YOUR OBJECTIVE:
Exact copies of all the lines below are required, with the pictures omitted.

STORED DATA:

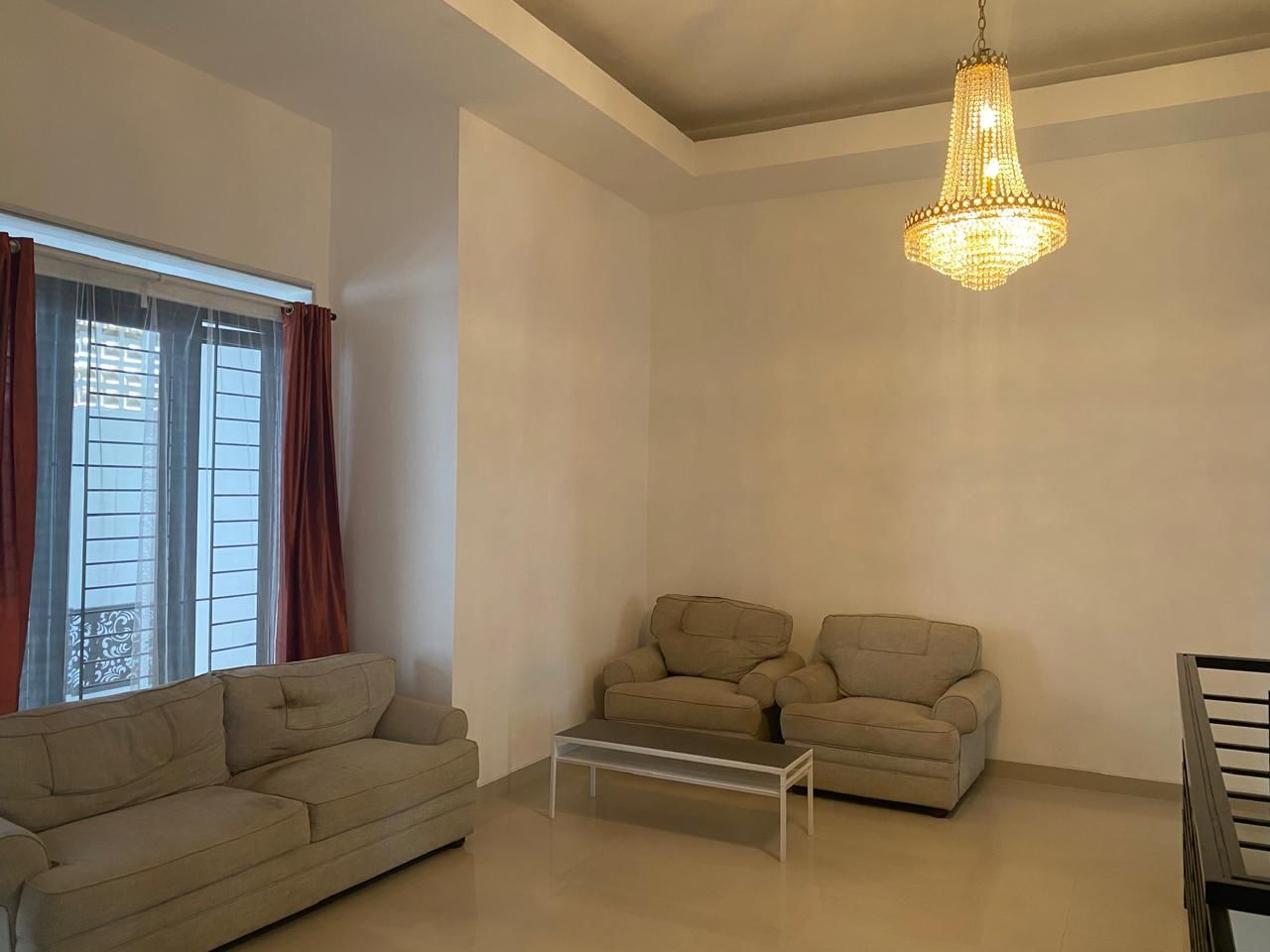 Bintaro Jaya 3-секторындағы толық жабдықталған үй, көптеген ыңғайлылықтарға жақын
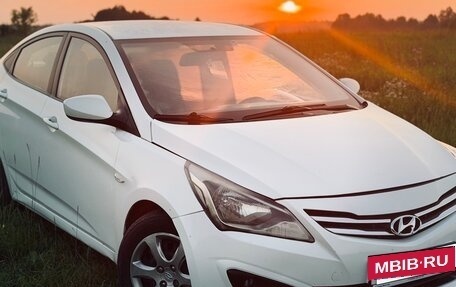 Hyundai Solaris II рестайлинг, 2016 год, 650 000 рублей, 3 фотография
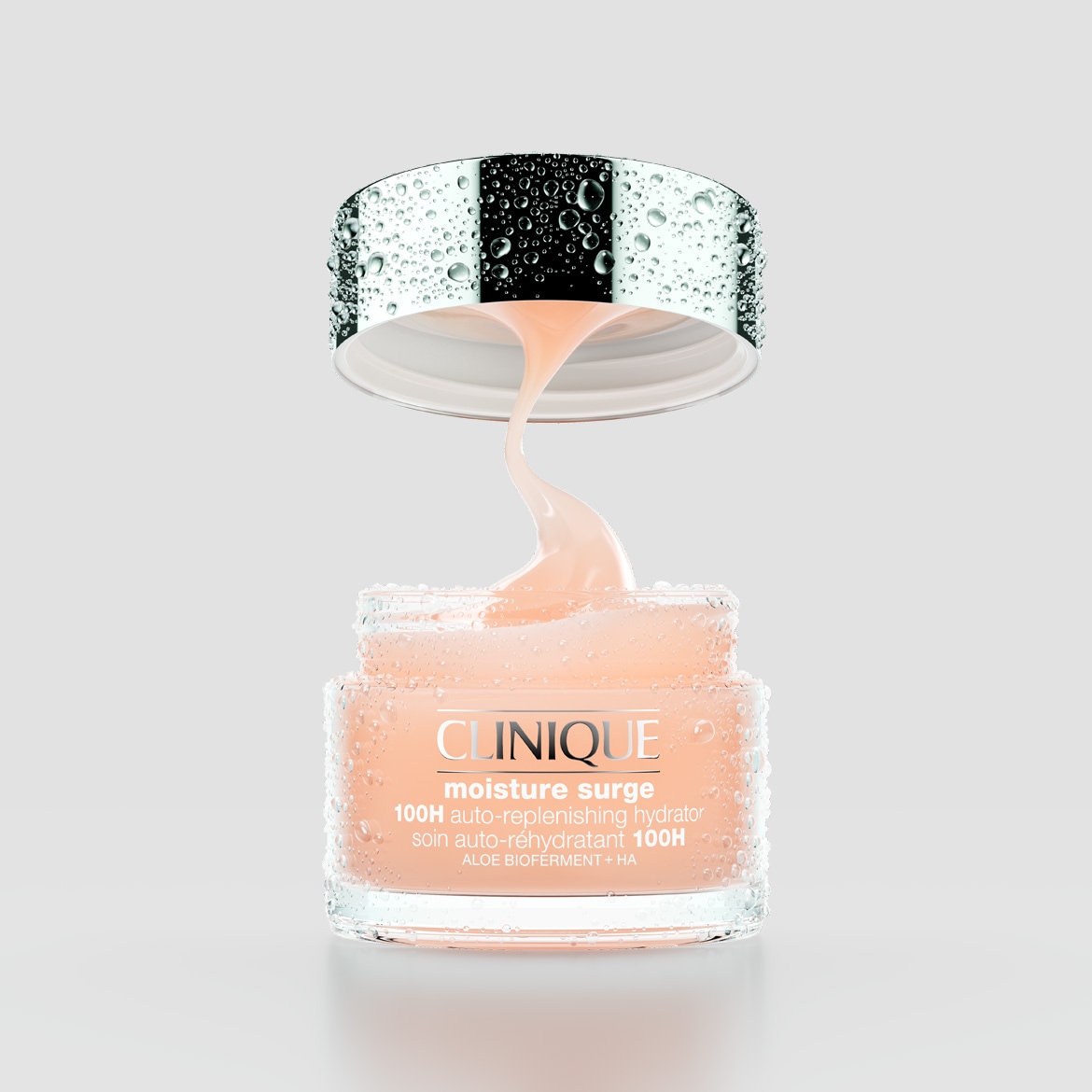 Die Clinique Moisture Surge 100H Auto-Replenishing Hydrator Creme in einem transparenten Glasgefäß mit einem silbernen Deckel, aus dem die rosafarbene Creme herausfließt, ist ideal für eine intensive Feuchtigkeitspflege.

FINAL ANSWER:
 Bintaro Jaya 3-секторындағы толық жабдықталған үй, көптеген ыңғайлылықтарға жақын
 Hyundai Solaris II рестайлинг, 2016 год, 650 000 рублей, 3 фотография
 Die Clinique Moisture Surge 100H Auto-Replenishing Hydrator Creme in einem transparenten Glasgefäß mit einem silbernen Deckel, aus dem die rosafarbene Creme herausfließt, ist ideal für eine intensive Feuchtigkeitspflege.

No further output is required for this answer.